The Supreme Court on Monday gave Congress and state lawmakers virtually unlimited power to collect taxes retroactively, even when a taxpayer is penalized for taking a legal deduction that is later repealed.

The 9-0 ruling upholds a 1987 move by Congress to apply tax changes retroactively to returns that were filed in 1986. It is a defeat for a Newport Beach estate tax lawyer who lost $630,000 in estate money when he sold stocks in 1986 to take advantage of a newly created tax deduction.

A year later, when Congress repealed the new deduction, the Internal Revenue Service demanded that the estate pay an extra $2.5 million in taxes. The case came to the high court as a test of how far the government could go in imposing tax changes retroactively.

“Tax legislation is not a promise, and a taxpayer has no vested right in the Internal Revenue Code,” said Justice Harry A. Blackmun for the court. So long as Congress acts with “a legitimate legislative purpose” in mind, its tax laws, even retroactive ones, are constitutional, he said.


In a concurring opinion, Justice Antonin Scalia derided the government for “bait-and-switch taxation,” but he nonetheless voted to uphold the law.

The Constitution itself bars ex post facto laws. Since 1798, the Supreme Court has said that limit applies only to criminal laws, not civil measures.

Indeed, since the 1930s, the high court repeatedly has upheld retroactive tax changes. But some tax experts had hoped that a conservative-dominated court would be more protective of the rights of taxpayers. Instead, Monday’s ruling (United States vs. Carlton, 92-1941) offers another stark example of a conservative court handing down a defeat to a cause championed by political conservatives.

The decision probably deals a fatal blow to a similar lawsuit challenging retroactive tax increases in the 1993 Clinton tax bill.

Last year, Republicans in Congress argued that the Democratic majority was acting unconstitutionally when it raised tax rates on the estates of people who died in the months before the new tax bill became law. On Aug. 10, 1993, President Clinton signed into law the higher tax rates for estates and for upper-income people. Those new rates were applied retroactively to Jan. 1, 1993.

Lawyers for the National Taxpayers Union and the Landmark Legal Foundation filed a lawsuit in federal court here seeking to have those retroactive changes invalidated.

The conservative members of the high court, led by Scalia and Chief Justice William H. Rehnquist, long have insisted on giving wide latitude to elected lawmakers.

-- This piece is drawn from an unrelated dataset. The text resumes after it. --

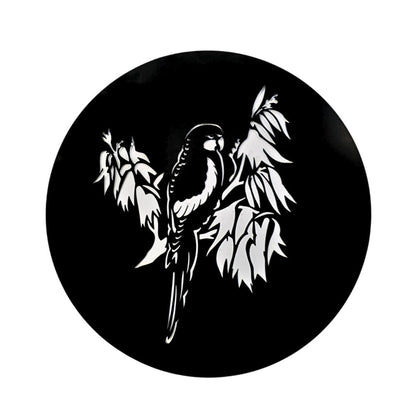 Lorikeet Silhouette Round Metal Wall Art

Whether the issues are contraception and abortion or rent control and retroactive taxes, these two conservatives have largely voted to uphold federal and state laws.

In his concurring opinion, Scalia lectured the liberals for “picking and choosing among the various rights to be accorded (special) protection,” citing the Roe vs. Wade decision that made abortion legal as an example. In his view, the court should uphold state laws banning abortion, just as it upheld a law Monday that imposed retroactive taxes. Justice Clarence Thomas joined Scalia’s opinion.

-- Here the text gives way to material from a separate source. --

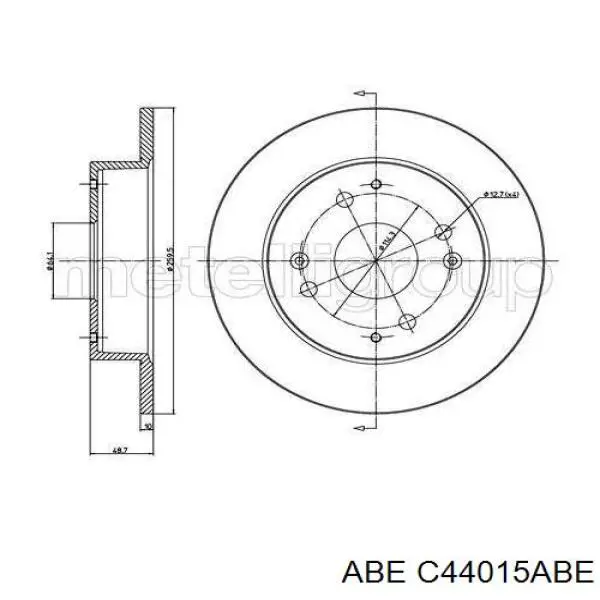 Задний тормозной диск ABE C44015ABE цена, от 27.50 USD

Jerry Carlton, the Newport Beach tax lawyer who lost in Monday’s ruling, said that he found the decision “scary. As I read it, it says the government can say: ‘I have a social goal. Help me accomplish it.’ But after you do it, they can say: ‘Sorry! Just kidding.’ ”

The social goal in this instance was encouraging employee stock ownership programs, or ESOPs. Former Sen. Russell Long (D-La.) believed that workers should own more of a company’s stock and he wrote into law tax incentives to achieve that goal.

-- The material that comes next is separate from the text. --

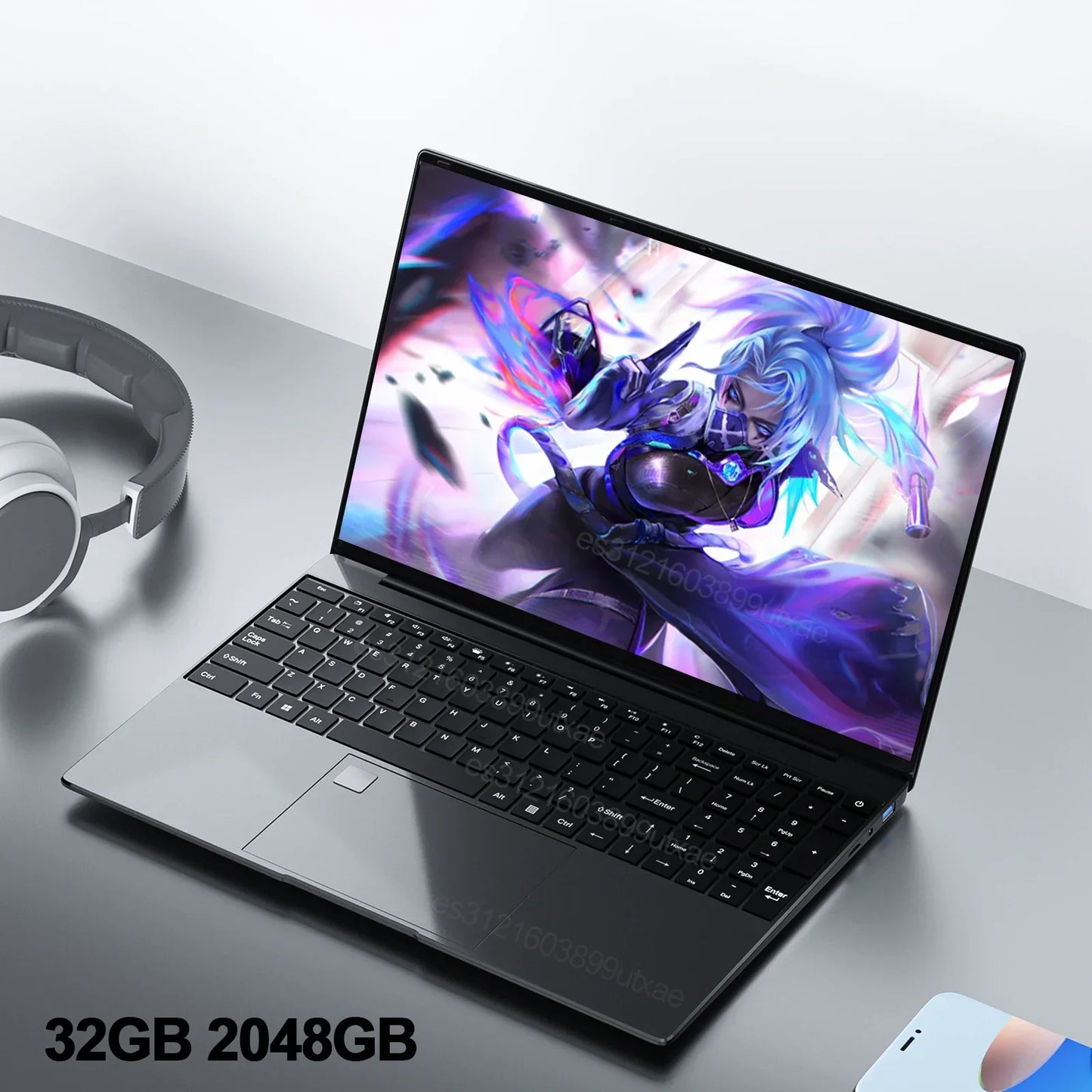 LENO 15.6"Portable Laptop 32GB DDR4 2TB SSD Intel N5095 Wntindows11 Notebook PC Gamer Office Computer with Backlit Fingerpri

In the Tax Reform Act of 1986, he sponsored a change that gave a deduction to estate executors who sell stock to an employee stock ownership plan. The idea was that the deduction would encourage sales at a discount.

Carlton, the executor of the estate of oil heiress Willametta Keck Day, bought $11.2 million in MCI stock and sold it two days later to the company ESOP for $10.57 million. Though he lost $631,000 on the stock transaction, the estate got a tax deduction valued at $2.5 million when he filed her return on Dec. 29, 1986.


But IRS officials, alarmed at estimates that the new deduction could cost $7 billion over five years, announced in January, 1987, that they would seek a change in the law. In December, 1987, Congress passed an amendment limiting the deduction to estates that owned the stock before death.

The IRS then sought a $2.5-million refund from the Day’s estate. After the tax was paid, Carlton challenged the action as a violation of due process of law.